Multi-valued function with sheets is continuous, single-valued (just $1$ to $\pi i$ and $1$ to $-\pi$ i) is not?

Today we looked at the following mapping:
$w=(z) = \frac{3+z}{2-z}$
Observe that the function is doing some inversion.
Note that at $z = 0, 1, i$, and $\infty$
$f(0) = \frac{3}{2}$, $f(1) = 4$
$f(i) = \frac{3+i}{2-i} = \frac{(3+i)(2+i)}{5} = \frac{5+5i}{5} = 1+i$, and
$\lim_{z \to \infty}f(z) = \lim_{z \to 0} f(\frac{1}{z}) = \lim_{z \to 0} \frac{3+\frac{1}{z}}{2-\frac{1}{z}} = \lim_{z \to 0} \frac{3z+1}{2z-1} = -1$.

We then began looking at bilinear transformations.
(note: A more thorough explanation of these transformations can be found on Section 8.10 pg 245 of our text.)
A bilinear transformation is defined as $w = f(z)  = \frac{\alpha z+\beta}{\gamma z+\delta}$ with $\alpha\delta - \beta\gamma \neq 0$
    Observe that the transformation is a combination of rotation, translation, stretching, and inversion.

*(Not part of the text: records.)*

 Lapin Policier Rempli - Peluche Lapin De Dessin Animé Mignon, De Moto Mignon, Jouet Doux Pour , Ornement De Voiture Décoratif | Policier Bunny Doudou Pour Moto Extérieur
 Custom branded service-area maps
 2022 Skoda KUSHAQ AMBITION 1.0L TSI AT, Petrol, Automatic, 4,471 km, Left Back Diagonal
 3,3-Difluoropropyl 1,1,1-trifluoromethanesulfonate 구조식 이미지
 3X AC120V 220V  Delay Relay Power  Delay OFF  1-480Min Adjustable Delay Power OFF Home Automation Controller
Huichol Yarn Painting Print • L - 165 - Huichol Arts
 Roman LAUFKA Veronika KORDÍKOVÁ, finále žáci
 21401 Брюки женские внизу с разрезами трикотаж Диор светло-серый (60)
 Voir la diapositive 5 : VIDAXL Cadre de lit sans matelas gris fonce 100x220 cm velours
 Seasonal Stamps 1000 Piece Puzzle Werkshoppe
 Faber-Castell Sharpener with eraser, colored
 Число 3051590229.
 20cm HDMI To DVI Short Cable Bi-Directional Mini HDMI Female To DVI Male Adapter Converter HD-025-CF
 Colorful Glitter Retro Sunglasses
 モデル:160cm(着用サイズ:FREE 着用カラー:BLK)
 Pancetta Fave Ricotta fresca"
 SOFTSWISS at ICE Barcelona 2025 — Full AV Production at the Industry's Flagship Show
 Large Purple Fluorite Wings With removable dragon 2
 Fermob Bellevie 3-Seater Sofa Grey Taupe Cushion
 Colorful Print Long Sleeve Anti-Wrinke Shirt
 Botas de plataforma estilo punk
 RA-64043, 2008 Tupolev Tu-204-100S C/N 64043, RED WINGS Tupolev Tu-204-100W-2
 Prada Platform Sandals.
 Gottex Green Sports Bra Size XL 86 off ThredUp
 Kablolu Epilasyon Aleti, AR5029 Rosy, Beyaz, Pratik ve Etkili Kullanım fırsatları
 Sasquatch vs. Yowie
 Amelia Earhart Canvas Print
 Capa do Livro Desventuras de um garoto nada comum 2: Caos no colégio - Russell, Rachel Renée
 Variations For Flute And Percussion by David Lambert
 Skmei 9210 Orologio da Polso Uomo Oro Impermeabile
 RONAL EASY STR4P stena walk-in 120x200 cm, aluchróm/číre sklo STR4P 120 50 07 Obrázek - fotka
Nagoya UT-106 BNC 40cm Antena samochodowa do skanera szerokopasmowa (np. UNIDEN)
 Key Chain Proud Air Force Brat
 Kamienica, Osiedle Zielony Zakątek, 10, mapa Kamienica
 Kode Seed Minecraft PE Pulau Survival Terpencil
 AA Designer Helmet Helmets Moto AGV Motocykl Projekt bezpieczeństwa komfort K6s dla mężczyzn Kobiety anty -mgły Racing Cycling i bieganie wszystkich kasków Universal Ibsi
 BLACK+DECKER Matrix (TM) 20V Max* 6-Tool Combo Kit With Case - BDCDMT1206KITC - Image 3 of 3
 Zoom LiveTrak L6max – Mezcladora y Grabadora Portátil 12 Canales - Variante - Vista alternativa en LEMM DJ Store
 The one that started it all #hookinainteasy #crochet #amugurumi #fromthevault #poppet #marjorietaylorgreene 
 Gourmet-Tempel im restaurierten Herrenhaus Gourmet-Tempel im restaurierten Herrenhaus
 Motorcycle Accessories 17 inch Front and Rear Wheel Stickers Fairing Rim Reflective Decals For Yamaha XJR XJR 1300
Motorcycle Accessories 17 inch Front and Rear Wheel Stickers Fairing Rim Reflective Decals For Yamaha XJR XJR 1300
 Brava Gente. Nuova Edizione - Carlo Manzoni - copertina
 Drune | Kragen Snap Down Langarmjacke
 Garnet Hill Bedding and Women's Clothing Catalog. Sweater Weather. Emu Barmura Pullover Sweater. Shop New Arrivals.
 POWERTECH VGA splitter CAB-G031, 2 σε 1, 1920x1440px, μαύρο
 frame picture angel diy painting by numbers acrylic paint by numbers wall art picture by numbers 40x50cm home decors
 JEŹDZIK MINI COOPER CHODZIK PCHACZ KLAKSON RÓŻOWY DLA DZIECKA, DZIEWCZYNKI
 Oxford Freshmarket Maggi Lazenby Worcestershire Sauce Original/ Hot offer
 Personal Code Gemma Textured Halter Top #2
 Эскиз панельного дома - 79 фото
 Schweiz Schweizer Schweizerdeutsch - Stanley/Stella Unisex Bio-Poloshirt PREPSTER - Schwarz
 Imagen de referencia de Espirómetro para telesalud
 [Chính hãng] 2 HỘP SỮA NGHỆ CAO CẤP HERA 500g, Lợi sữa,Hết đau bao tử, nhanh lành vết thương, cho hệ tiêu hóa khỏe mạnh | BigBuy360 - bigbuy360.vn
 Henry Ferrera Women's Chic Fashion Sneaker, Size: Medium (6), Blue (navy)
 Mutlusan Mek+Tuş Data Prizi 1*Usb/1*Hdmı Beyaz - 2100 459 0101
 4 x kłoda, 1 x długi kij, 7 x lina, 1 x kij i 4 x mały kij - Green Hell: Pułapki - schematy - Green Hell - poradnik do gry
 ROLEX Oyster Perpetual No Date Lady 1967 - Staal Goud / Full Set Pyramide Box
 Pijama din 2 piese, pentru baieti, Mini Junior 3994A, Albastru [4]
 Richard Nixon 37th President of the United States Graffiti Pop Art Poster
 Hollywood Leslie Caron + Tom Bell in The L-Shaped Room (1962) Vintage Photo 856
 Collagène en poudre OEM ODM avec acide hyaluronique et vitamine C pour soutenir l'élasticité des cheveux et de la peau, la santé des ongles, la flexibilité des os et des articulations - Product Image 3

If $z_1$ through $z_4$ are distinct points in the $z$ plane, then $\frac{(z_4 - z_1)(z_2 - z_3)}{(z_2 - z_1)(z_4 - z_3)}$ is invariant under the mapping.
(note: invariant means that transformation by $w$ results in the same complex number).

We then looked at some of the properties of this bilinear transformation as layed out by the solutions to solved problems 8.14 and 8.15 in our text.

The inversion transformation (factor) changes a circle to either a circle or a line if a $z$ plane circle passes through a point where the denominator is zero.
    Ex. A circle passing through $(2,0)$ [ such as $|z-1| = 1$ ] will be transformed by the  bilininear transformation $w=(z) = \frac{3+z}{2-z}$ into a line.
A point in the interior of a circle that has $(2,0)$ in its interior in the $z$ plane will be sent to the exterior of the transformed circle in the $w$ plane.

For a more detailed approach to today's lecture read the section "Projective Matrix Representations" at the Mobius Transformation wikipedia page. The link can be found on moodle.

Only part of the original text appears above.